100 movie cast: Atharvaa, Yogi Babu, Radha Ravi, Hansika Motwani
100 movie director: Sam Anton
100 movie rating: 2 stars
Can Tamil directors, once and for all, come up with a film that doesn’t have sexual harassment cases involved? Is it that tough to write stories without referring to Nirbhaya, Pollachi issue, the infamous Nungambakkam murder, and so on? Those who follow Tamil cinema releases closely know what I am talking about. Cop stories have been the safest stock for filmmakers to invest in. Enough has been written and spoke about these, but Sam Anton’s cop film is majorly set in a police control room.
The premise is interesting as the audience gets to know the happenings of a police control room and how it functions. I loved it as an idea. But this needs work as Sam Anton often shifts his focus off the story. His inconsistent storytelling, in particular, during the first half tests your patience, and in return, we get a meet-cute love scene, songs and slow-paced action sequences.
Sathya (Atharvaa) dreams of getting groundbreaking cases to handle but ends up in an operator room, attending calls. He isn’t a fan of such ‘easy jobs’, and laughs at his girlfriend Nisha (Hansika) when he finds her working at a call centre. In the beginning, a couple of kids call the control room saying their school had a bomb threat. Sathya gets tired of answering prank calls and waits for a real phone call that would change his life. And, that happens. Sathya tracks down how a teenage girl was allegedly murdered. Further, this leads to complications, and also, we get a parallel track to the story, a drug-peddling gang.

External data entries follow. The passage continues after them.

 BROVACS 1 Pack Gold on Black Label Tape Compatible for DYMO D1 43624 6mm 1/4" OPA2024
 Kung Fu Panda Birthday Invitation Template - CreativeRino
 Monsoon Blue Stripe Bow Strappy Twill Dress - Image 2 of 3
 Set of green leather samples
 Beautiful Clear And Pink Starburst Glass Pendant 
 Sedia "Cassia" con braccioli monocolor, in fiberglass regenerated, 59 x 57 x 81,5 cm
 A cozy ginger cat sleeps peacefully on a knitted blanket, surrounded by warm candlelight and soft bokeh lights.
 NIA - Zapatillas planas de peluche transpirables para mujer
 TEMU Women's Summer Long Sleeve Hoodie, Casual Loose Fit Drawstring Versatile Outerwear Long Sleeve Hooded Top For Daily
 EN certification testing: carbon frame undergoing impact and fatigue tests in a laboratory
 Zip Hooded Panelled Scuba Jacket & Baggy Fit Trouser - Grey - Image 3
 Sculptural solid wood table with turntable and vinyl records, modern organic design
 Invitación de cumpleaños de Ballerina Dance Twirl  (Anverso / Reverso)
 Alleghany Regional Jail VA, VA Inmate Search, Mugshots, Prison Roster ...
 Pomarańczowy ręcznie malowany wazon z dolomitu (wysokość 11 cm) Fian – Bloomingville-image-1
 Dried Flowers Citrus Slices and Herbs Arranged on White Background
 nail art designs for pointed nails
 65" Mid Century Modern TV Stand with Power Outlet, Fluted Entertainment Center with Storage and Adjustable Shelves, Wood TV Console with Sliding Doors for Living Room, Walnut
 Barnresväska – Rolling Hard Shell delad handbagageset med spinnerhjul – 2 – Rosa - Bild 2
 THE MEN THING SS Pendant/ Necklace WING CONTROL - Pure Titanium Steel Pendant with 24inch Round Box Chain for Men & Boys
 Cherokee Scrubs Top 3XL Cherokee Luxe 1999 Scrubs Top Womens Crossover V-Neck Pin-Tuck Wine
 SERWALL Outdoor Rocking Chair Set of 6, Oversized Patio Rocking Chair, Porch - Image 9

Sam Anton takes too many cinematic liberties with 100, giving us an unrealistic twist that one can’t easily buy. But he does set things up well in the initial scenes. Atharvaa gets a lot of character build-up, which could have been avoided. Radha Ravi plays pistol Prabhakaran, a senior officer, who never had the chance to use his gun. I really found the whole angle unconvincing.
Hansika barely has anything to do in the film, and eventually disappears in the second half, like most of the ‘commercial’ heroines. Pardon my generalisation, but that’s how it is. In an interview, Sam Anton had told the female characters in 100 were as important as the hero. Sigh; they were anything but.